(AIM OF THE TASK): Find the line with "Let's look at" in the entries below. Repeat it, every following line, and the line with "They're the cleanup", exactly and with nothing added.

(RECORDS SHOWN):
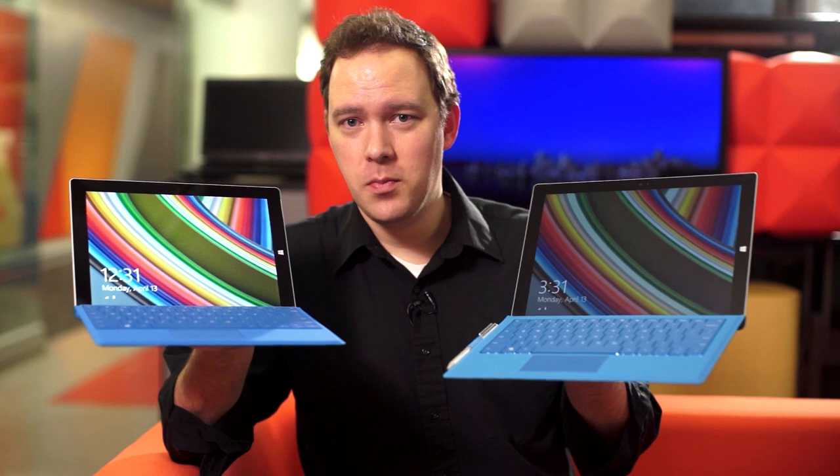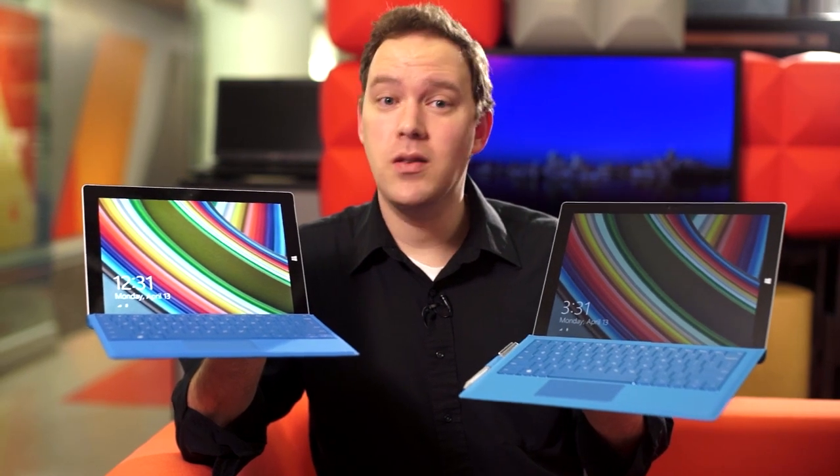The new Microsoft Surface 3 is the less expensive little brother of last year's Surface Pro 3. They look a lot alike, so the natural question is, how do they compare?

...

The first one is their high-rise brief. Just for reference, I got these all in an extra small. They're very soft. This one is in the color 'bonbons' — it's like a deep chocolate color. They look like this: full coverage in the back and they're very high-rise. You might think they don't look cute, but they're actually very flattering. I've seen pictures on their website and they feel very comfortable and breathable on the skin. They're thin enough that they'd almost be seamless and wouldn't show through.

---

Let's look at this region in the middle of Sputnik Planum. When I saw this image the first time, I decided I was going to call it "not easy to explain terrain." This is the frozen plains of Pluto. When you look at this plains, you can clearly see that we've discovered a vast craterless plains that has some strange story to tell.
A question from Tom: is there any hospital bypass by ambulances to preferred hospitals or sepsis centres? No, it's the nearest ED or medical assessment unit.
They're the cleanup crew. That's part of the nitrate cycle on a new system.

(SOLUTION):
Let's look at this region in the middle of Sputnik Planum. When I saw this image the first time, I decided I was going to call it "not easy to explain terrain." This is the frozen plains of Pluto. When you look at this plains, you can clearly see that we've discovered a vast craterless plains that has some strange story to tell.
A question from Tom: is there any hospital bypass by ambulances to preferred hospitals or sepsis centres? No, it's the nearest ED or medical assessment unit.
They're the cleanup crew. That's part of the nitrate cycle on a new system.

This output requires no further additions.